Republic Mortgage Insurance replied this lawsuit should be referred to binding arbitration as provided in the SouthStar home mortgage. But the borrowers resisted arbitration, arguing the arbitration clause in the mortgage does not apply to the separate PMI. Republic argued that the mortgage and the PMI are so intertwined that arbitration should apply to both.

If you were the judge, would you rule Republic Mortgage Insurance is entitled to binding arbitration of this dispute?

The judge said no!

“The lawsuit in the current case deals with Republic Mortgage’s insurance premiums, and an allegation that these premiums were increased due to information contained in the plaintiff’s credit histories. This claim is a statutory remedy under the Fair Credit Reporting Act and is wholly separate from any action or remedy for breach of the underlying mortgage contract that is governed by the arbitration agreement,” the judge emphasized.

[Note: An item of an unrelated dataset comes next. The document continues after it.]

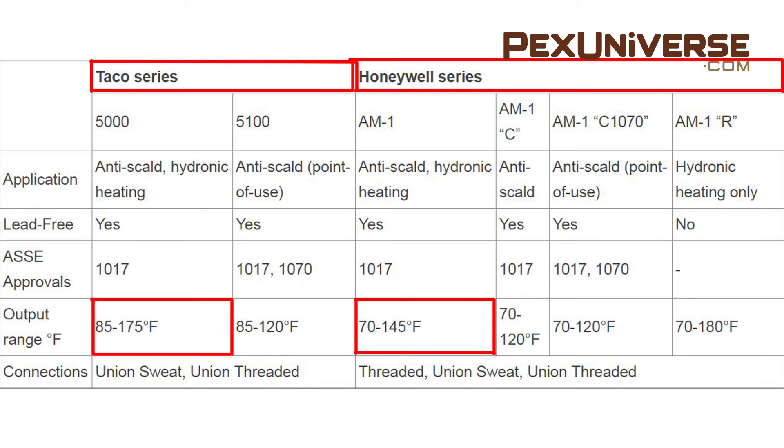Different sizes and brands of mixers will have varying temperature output ranges. For example, a half-inch valve from Honeywell has an output range of 70 to 145 degrees, while the same size valve from Tayco has an output range of 85 to 175 degrees.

This mortgage is not in default nor is there any dispute between the borrowers and the lender, the judge explained.

“Although the mortgage insurance relates to the mortgage debt, the premiums of the mortgage insurance are separate and wholly independent from the mortgage agreement,” he continued. “The plaintiffs’ claims against Republic Mortgage do not implicate SouthStar in any wrongdoing,”

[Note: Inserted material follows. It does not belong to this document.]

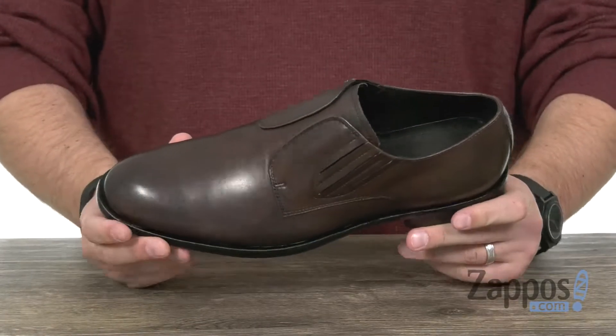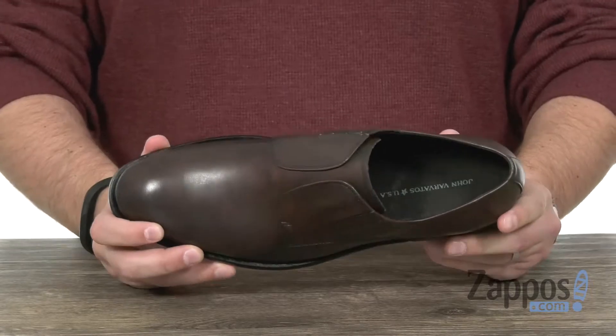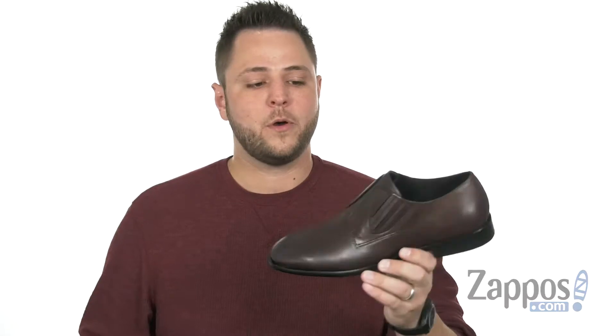As you can see, it's going to hug your foot into place and really give you a locked and secure fit. It's got a very breathable leather-lined interior to help keep your feet cool, with a flexible shock absorbing rubber outsole on the bottom.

Therefore, the two agreements are not intertwined, and Republic is not entitled to binding arbitration of this dispute, he ruled. The case shall proceed to trial, the judge concluded.

Based on the 2005 U.S. Court of Appeals decision in Brantley v. Republic Mortgage Insurance Co., 424 Fed.3d 392.

(For more information on Bob Bruss publications, visit his
Real Estate Center
).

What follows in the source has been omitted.